- **Problem details**
What is needed here is an exact reprint of every record below.

==== Data supplied ====

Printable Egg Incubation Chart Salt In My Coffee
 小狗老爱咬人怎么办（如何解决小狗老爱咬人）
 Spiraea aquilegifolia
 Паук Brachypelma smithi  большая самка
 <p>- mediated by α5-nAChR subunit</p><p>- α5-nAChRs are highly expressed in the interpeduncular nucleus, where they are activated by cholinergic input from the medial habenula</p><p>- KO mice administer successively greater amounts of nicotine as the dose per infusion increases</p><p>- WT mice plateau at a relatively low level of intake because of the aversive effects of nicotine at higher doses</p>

====

- **Written response**
Printable Egg Incubation Chart Salt In My Coffee
 小狗老爱咬人怎么办（如何解决小狗老爱咬人）
 Spiraea aquilegifolia
 Паук Brachypelma smithi  большая самка
 <p>- mediated by α5-nAChR subunit</p><p>- α5-nAChRs are highly expressed in the interpeduncular nucleus, where they are activated by cholinergic input from the medial habenula</p><p>- KO mice administer successively greater amounts of nicotine as the dose per infusion increases</p><p>- WT mice plateau at a relatively low level of intake because of the aversive effects of nicotine at higher doses</p>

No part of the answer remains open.